Speaking to Reuters TV in central Athens, residents were disillusioned with the outcome of the debt crisis with many of them calling for the government to act.
“I want him (Tsipras) to see reason and make a compromise, compromise is a normal act for humans. The society has reached its limits. I’m not saying that all the measures that have been taken are right but I think that a compromise needs to be found because there is a point of no return,” said 49-year-old teacher, Christos Alexakis.
“First and foremost this government must stand down. The last six months, don’t let me tell you what they have done. They don’t know what they are saying or doing. They (the government) have lost their minds. It is better that they go. Secondly, the referendum must not take place. If it takes place the government is going to be ridiculed. Everybody is going to vote yes, yes to the euro, yes to Europe,” said 67-year-old pensioner Dimitris, referring to Sunday’s (July 5) referendum called by the Greek government on austerity measures.

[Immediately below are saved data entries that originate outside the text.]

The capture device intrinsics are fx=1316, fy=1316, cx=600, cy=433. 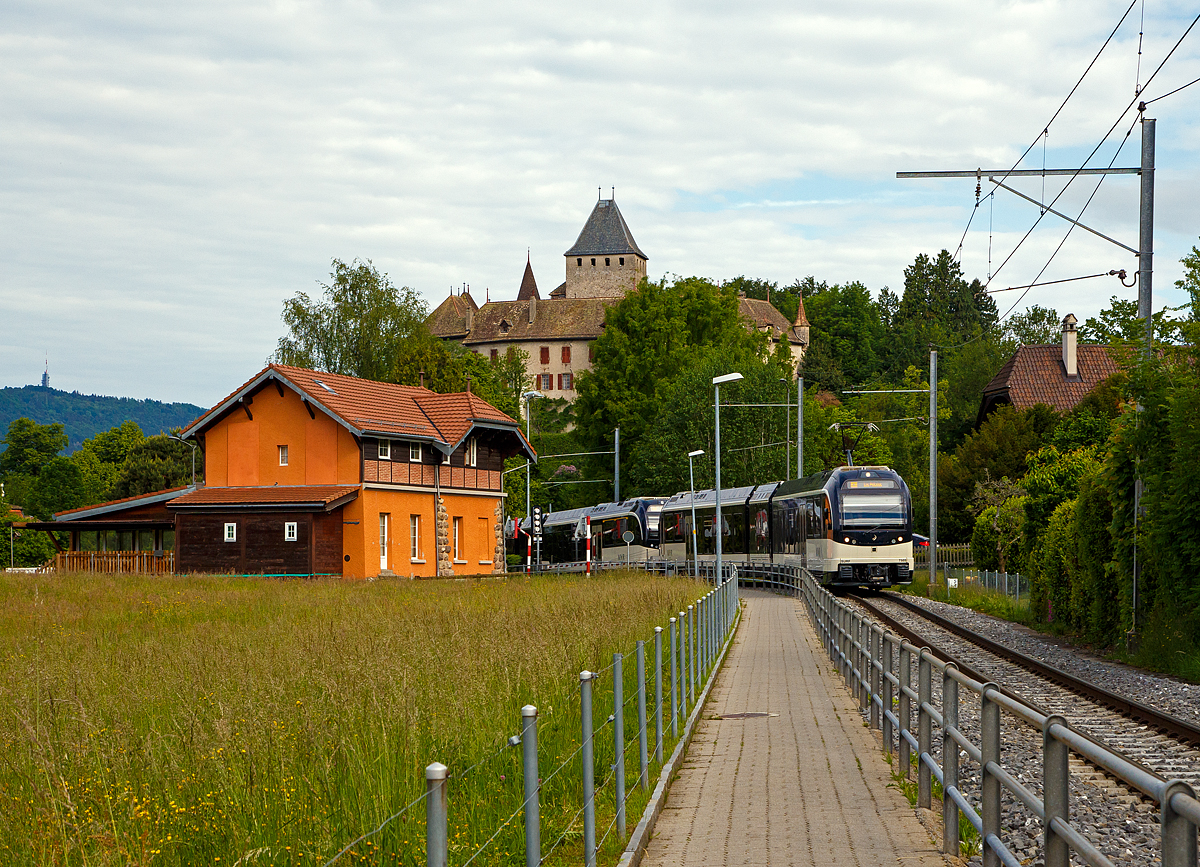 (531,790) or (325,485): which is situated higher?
(325,485)

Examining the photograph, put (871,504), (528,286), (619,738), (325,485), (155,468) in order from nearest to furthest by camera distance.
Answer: (619,738)
(871,504)
(325,485)
(155,468)
(528,286)

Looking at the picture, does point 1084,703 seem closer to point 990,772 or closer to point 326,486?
point 990,772

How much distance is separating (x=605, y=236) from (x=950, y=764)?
151972mm

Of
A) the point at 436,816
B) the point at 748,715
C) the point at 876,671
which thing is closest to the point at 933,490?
the point at 748,715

“The government must resign, leave and call elections, or we should have a unity government. I cannot see any other solution. We are bankrupt, we are over. Can you not see what is happening in the banks?,” said 49-year-old office employee, Fotis.
“This is the worst situation that Greece has ever seen, ever. Even during the occupation (WWII), it wasn’t that bad. But this party said “Europe, the euro, it’s not a taboo for us,” said 72-year-old pensioner, Theodoros.
But one man said he felt a no vote in the upcoming referendum would be the best way for the country to go.
“The country went bankrupt in 2010. The government then instead of rising to the occasion, brought in the IMF and we have been living in bankruptcy since 2010. I hope that the Greek people will rise to the occasion and they will vote no and everything will turn out fine,” said retired naval officer Costas.
Fears of a Greek default have unnerved financial markets on concerns that it would ultimately lead to the country’s exit from the euro common currency. The fate of Greece’s membership in the 19-nation currency bloc still hangs in the balance ahead of the referendum on Sunday when Greek citizens will vote on whether to accept the austerity terms of continued international aid.
An opinion poll published on Wednesday in the Efimerida ton Syntatkton newspaper, said 54 percent of Greeks plan to oppose the bailout proposal against 33 percent in favour.
However a breakdown of the results compared with a poll taken before the decision on Sunday (June 28) to close Greek banks showed the gap between the “yes” and “no” votes narrowing slightly.
In a sign that European officials have not given up on finding a solution, finance ministers said they would confer on Wednesday (July 1) over Greece’s latest loan request and debt restructuring.
It was unclear how much the Wednesday call could achieve. Trust between Athens and European capitals is in tatters after five months of acrimonious negotiations, and the relationship further deteriorated after Athens on Saturday (June 27) decided to put creditors’ proposals to a referendum.
Greek Prime Minister Alexis Tsipras has said the plebiscite is the democratic way for Greeks to decide if they will accept more budget cuts and taxes in return for international aid. He has urged a “No” vote.
German Chancellor Angela Merkel has ruled out further negotiations until after Sunday’s referendum.
Greece has received nearly 240 billion euros in two bailouts from the European Union and IMF since 2010. The money has allowed it to stay afloat but at a high cost to its population, which has absorbed cuts to pensions, wages and public services.